The purpose of this chapter is to provide a project to load structured data into Cascalog so that you can become familiar with the APIs and steps involved.
In this chapter we assume the following:
You have Leiningen set up.
You have worked through the previous Cascalog chapters.
The benefit of this chapter is that you’ll see a pattern to take free-form data formats (such as sentences) and transform them in advance into the format that Cascalog requires.
To transform free-format data into Cascalog format, follow these steps:
1. Create a new Leiningen project cascalog-pre-format
in your projects directory, and change to that directory:
lein new app cascalog-pre-format
cd cascalog-pre-format
2. Then ensure that the projects.clj
file looks like this:
(defproject cascalog-pre-format "0.1.0-SNAPSHOT"
:uberjar-name "query-novel.jar"
:main cascalog-pre-format.query-novel
:repositories {"conjars" "http://conjars.org/repo/"}
:dependencies [[org.clojure/clojure "1.7.0-RC1"]
[cascading/cascading-hadoop2-mr1 "2.7.0" ]
[cascalog/cascalog-core "2.1.1"]
[cascalog/cascalog-more-taps "2.1.1"]]
:profiles {:provided
{:dependencies
[[org.apache.hadoop/hadoop-mapreduce-client-jobclient "2.7.0"]
[org.apache.hadoop/hadoop-common "2.7.0"]]}})

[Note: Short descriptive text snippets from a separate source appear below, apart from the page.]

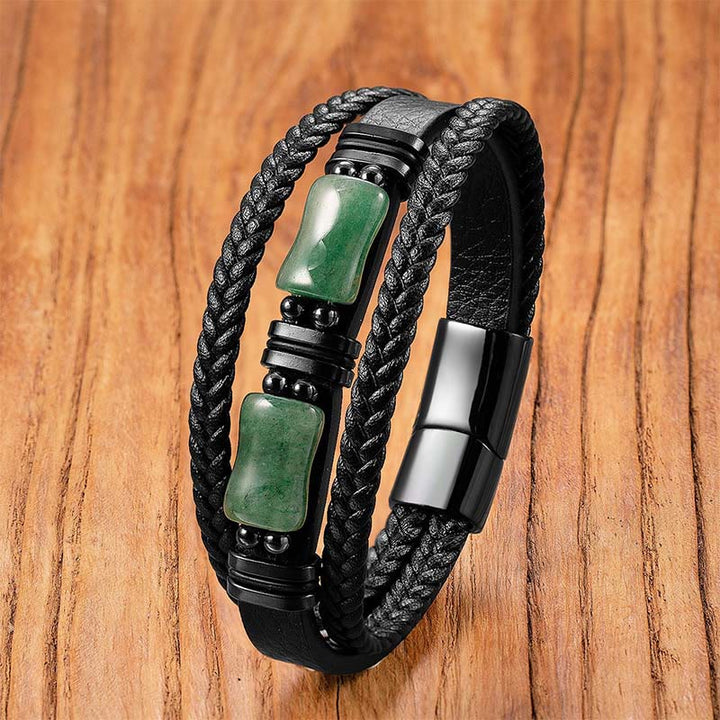 Bracciale in pelle intrecciata con Buddha Stones, avventurina verde, ametista, onice nero, cristallo rosa e positività - Avventurina verde - 18-22 cm - image 0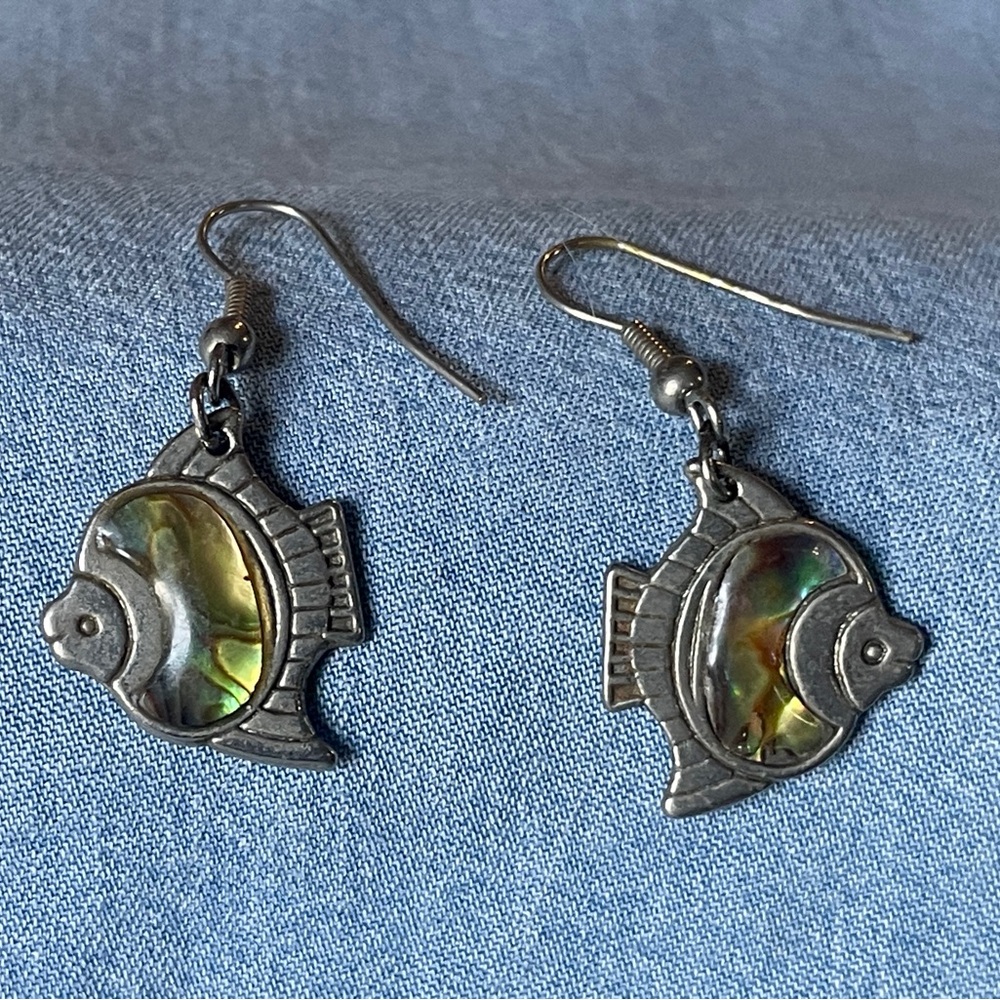 Fish and wolf earrings - two pair.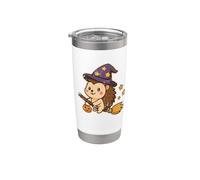 Hedgehog Witch on Broom with Stars Stainless Steel Insulated Tumbler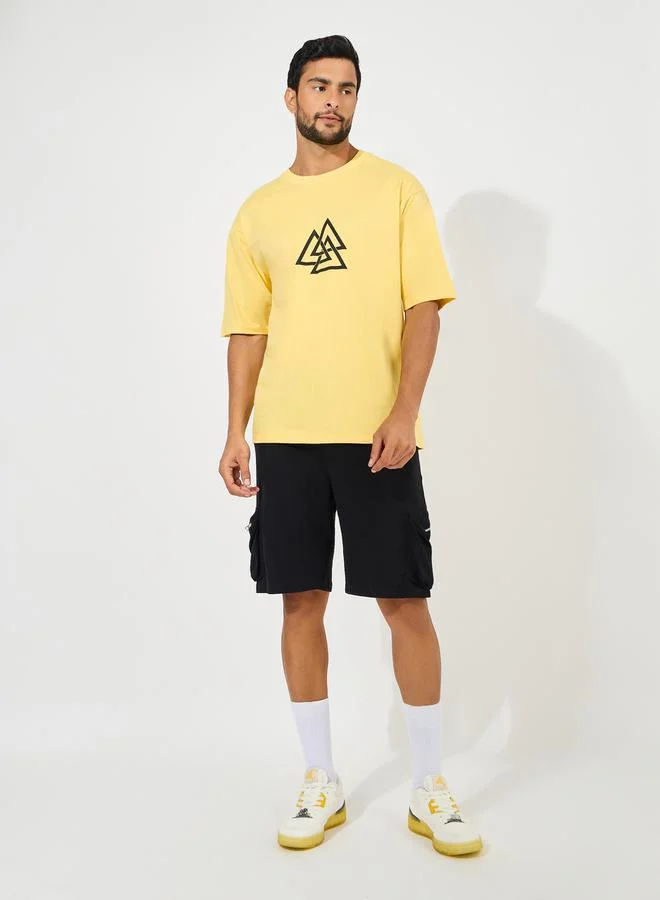 ستايلي HD Minimal Print Compact Jersey Oversized T-Shirt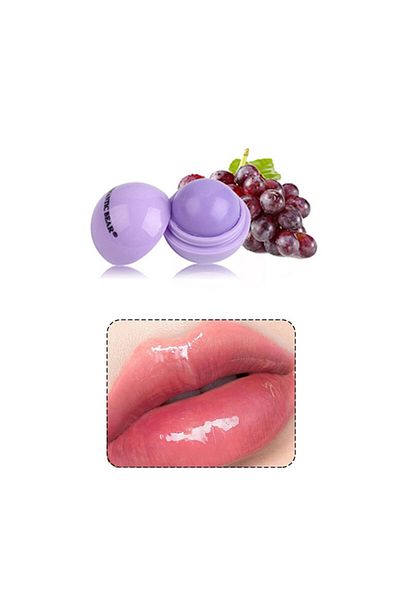 Muchmy 2 Pcs Grape Fruit Flavor Anti Crack Lip Moisturizing Lip Balm Round Shape Lips Care Shiny Lips Balm
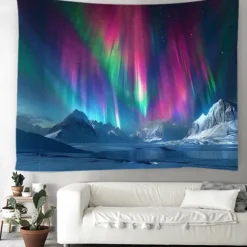Aurora Northern Lights Hanging Tapestry Wall Art Large Tapestry Mural Decor Photograph Backdrop Blanket Curtain Home Bedroom Living Room Decoration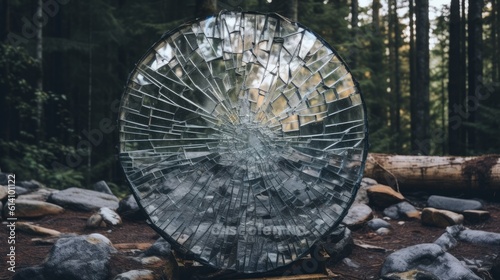 A shattered mirror reflecting the journey of self-discovery and healing in mental health | generative ai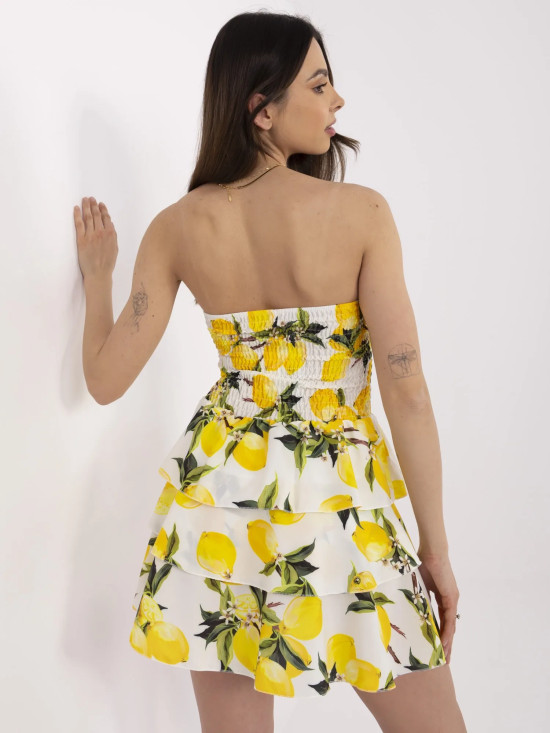 Ecru-žluté letní mini šaty s potiskem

3. Next we’ll get our source data. We’ll start with a classic book, The Adventures of Huckleberry Finn. We’ll download it from the Gutenberg website to a new data
directory you will create:
mkdir data
4. Navigate to the following location in your web browser:
http://www.gutenberg.org/epub/76.txt.utf-8
Then save the resulting file as AdventuresOfHuckleBerryFinn.txt
in your data
directory. (Don’t copy and paste—use the save function in your browser.)

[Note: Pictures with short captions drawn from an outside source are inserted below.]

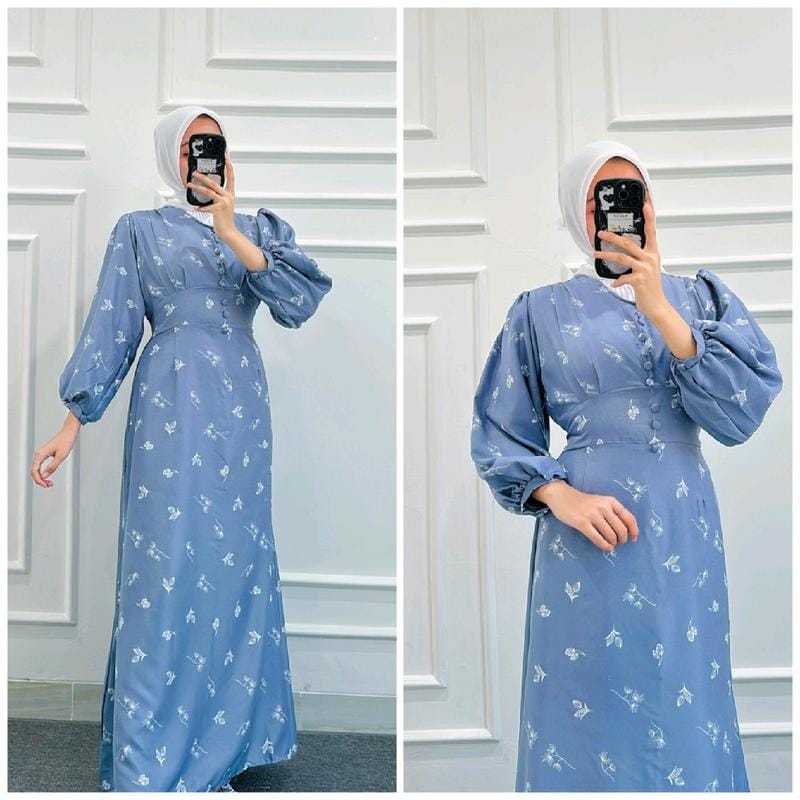 KOHZEN - ZFS GAUN DRESS MAXI PEREMPUAN KEKINIAN TERBARU JEAN / Adeline Maxi Dress Shakila / Neck Flo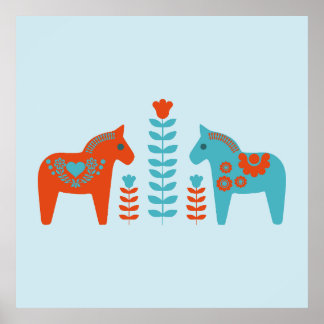 Affiche Dala d'art populaire scandinave Chevaux et fleurs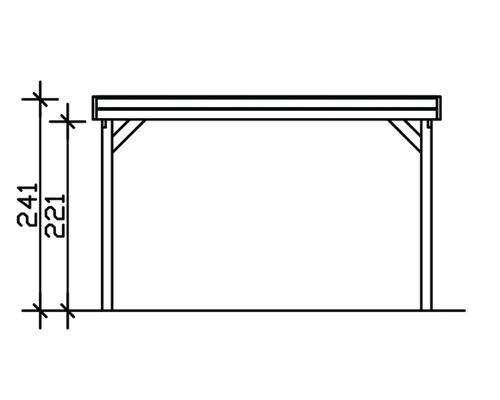 Schéma d''un carport avec indications de hauteur 241 et 221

5. Create a directory src/cascalog_pre_format/query_novel.clj
with the following contents:
(ns cascalog-pre-format.query-novel
(:require [clojure.string :as s]
[cascalog.api :refer :all]
[cascalog.more-taps :refer [hfs-delimited]])
(:gen-class))
(defmapcatfn split [line]
"Reads in a line of string and splits it by regex."
(filter #(not (empty? %)) (map clojure.string/trim (s/split line #"."))))

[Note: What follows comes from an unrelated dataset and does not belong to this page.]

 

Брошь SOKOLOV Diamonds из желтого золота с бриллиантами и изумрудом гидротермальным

(defmapcatfn filter-condition [sentence]
"Find matching examples."
(if
(and
(> (count (re-seq #"Jim" sentence)) 0)
(> (count (re-seq #"free man" sentence)) 0))
(list sentence)))
(defn -main [in out & args]
(?<- (hfs-delimited out)
[?filtered]
((hfs-delimited in :skip-header? false) ?line)
(split ?line :> ?sentence)
(filter-condition ?sentence :> ?filtered)))
6. Create another file src/cascalog_pre_format/novel.clj
with the following contents:
(ns cascalog-pre-format.format-novel
(:require [clojure.string :as s])
(:gen-class))
(defn -main [file & args]
; read the whole file
(let [book (slurp file)
; Replace all the newlines trailed by lowercase letters by spaces
; note the challenge is "I" in a sentence :) (or any other proper noun)
book-stripped-newlines (s/join " " (clojure.string/split book
#"
(?=[a-z])"))
; Split the string into a vector based on periods followed by space
and non-breaking space
book-sentences (s/split book-stripped-newlines #"(?<=.)x20")
; join the vector into a single string delimited by newlines
book-sentences-flat (s/join "
" book-sentences)]
; write the whole file
(spit "./data/tuples.txt" book-sentences-flat)))
Let’s transform the data file we downloaded so that the sentences are all on one line. We’ll do this in Clojure.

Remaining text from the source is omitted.